However, in the hours that followed the shooting, many on the right have tried to reframe the discussion and looked to place blame for the attack on the Southern Poverty Law Center for designating the FRC as a "hate group." Bryan Fischer of the American Family Association said in a statement yesterday, "[T]he SPLC, by their own hateful and malicious rhetoric against FRC and AFA, has essentially claimed responsibility for this shooting, and they too should be held to account in the court of public opinion."

Fischer also claimed that:

SPLC claims it only lists organizations as "hate groups" if they engage in the "propagation of known falsehoods" about homosexuality. But the SPLC website itself lists numerous falsehoods about homosexuality. For instance, the SPLC says, without a single shred of proof, that homosexuals are born that way, that it is impossible to leave the gay lifestyle, and that homosexuals are not at elevated risks of depression, anxiety and substance abuse disorders.

Lying in bed last night, I couldn't sleep, because my mind kept racing over those three statements and the personal connection I have to each of them.
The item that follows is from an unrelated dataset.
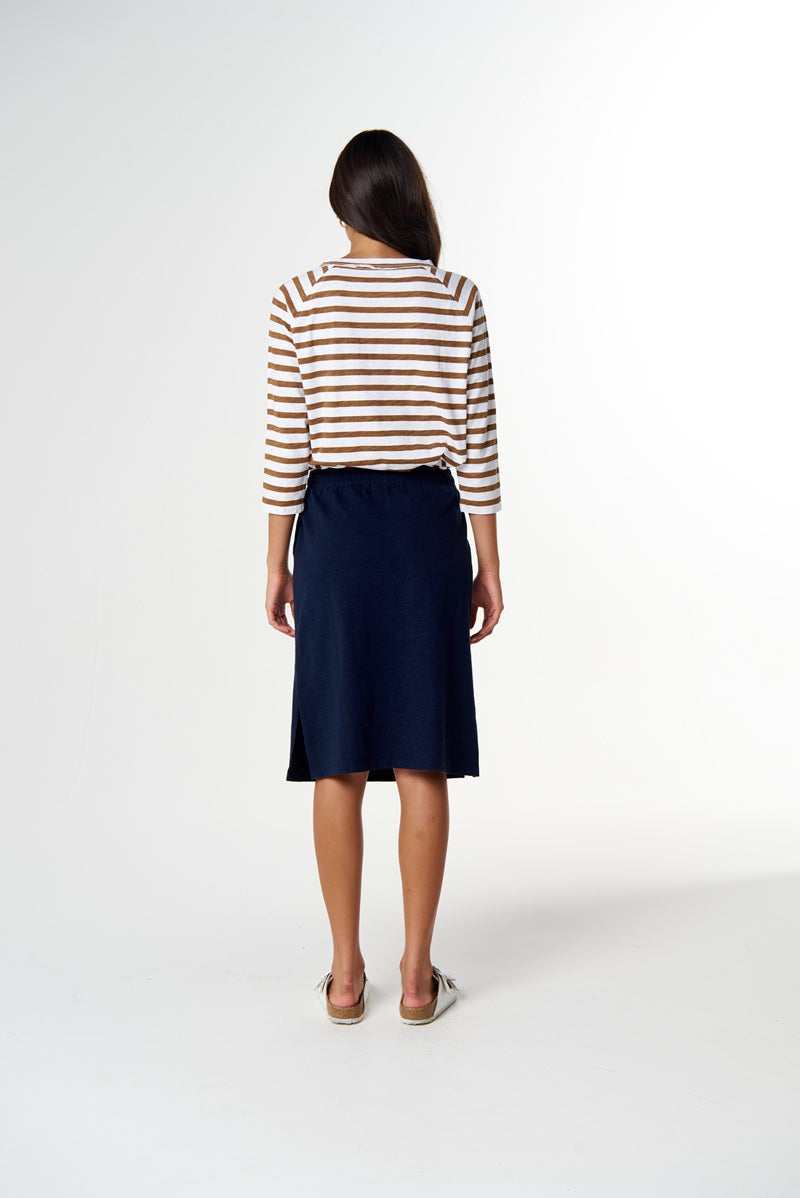 Repeat Offender 3/4 Sleeve Tee | White & Fox Stripe C1387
I can't offer Fischer a "shred of proof" regarding any of the three, but I can tell my stories -- stories that very few people outside my close network of friends, and, in some instances, only one or two people, know about -- in hopes that other queer people can relate and will tell their deep, dark secrets to help shed light on our lives and humanize our struggles so that people like Fischer and groups like the AFA are, ultimately, unable to continue creating a culture of fear, panic, and hatred.

1. Homosexuals Are Born That Way

I was born and raised in Racine, Wis., an industrial town set beside Lake Michigan and most famous for being the home of Johnson's Wax, makers of Windex and Raid Ant & Roach Killer. My earliest memories are of being gay. When I was 4 or 5 I had a ginormous crush on our garbage man, and one Thursday morning I snuck out of my family's front door in my underwear and did a dance for him. He called me a "queer," and I ran inside to tell my dad, proud of what had just occurred. My father, knowing that being called a "queer" was not a good thing, raced for the door to confront the garbage man, but I stopped him. I thought "queer" meant "magnificently unusual," and I was too young (and too in love) to understand that the garbage man was confused (and probably horrified) by my performance.

There isn't -- and has never been -- anything inside me that has ever been heterosexual. I was born this way. It scares people to think that children can be queer, and all too often we're told that it's impossible to know until we're older, or at least until we reach puberty, but I knew. Every fiber in my body vibrated with the fact. What's more, everyone knew. From my obsession with Madonna (and my wanting to be Madonna) to my stable full of My Little Ponies, I was the kind of kid who was so gay that there was no hiding it. And to my incredible parents' credit, they loved me exactly as I was (as much as I know how unprepared and, most likely, freaked out they were by it at the time). The rest of the world, however...

2. It Is Impossible to Leave the 'Gay Lifestyle'

When it came to religion, my upbringing was fairly unusual. My dad is Jewish and my mom is Lutheran, and I attended Catholic school for 10 years. By the time I was 14, I had been steeped in the Bible and the Torah, and being queer was no longer a fun-filled adventure of Jem and the Holograms cartoons and crushes on Corey Haim. By this point I knew that my difference, my queerness, was not something I was supposed to own, let alone celebrate, and each day at school was a nightmare (more about that in a minute). My solution? Writing letters to God, asking him to cure me of my homosexuality. And when I say "writing letters to God," I mean that literally. I wrote hundreds of them, mostly during my freshman year of high school, in my loopy cursive, asking him to make me straight, praying that I wouldn't have to live this way for the rest of my life.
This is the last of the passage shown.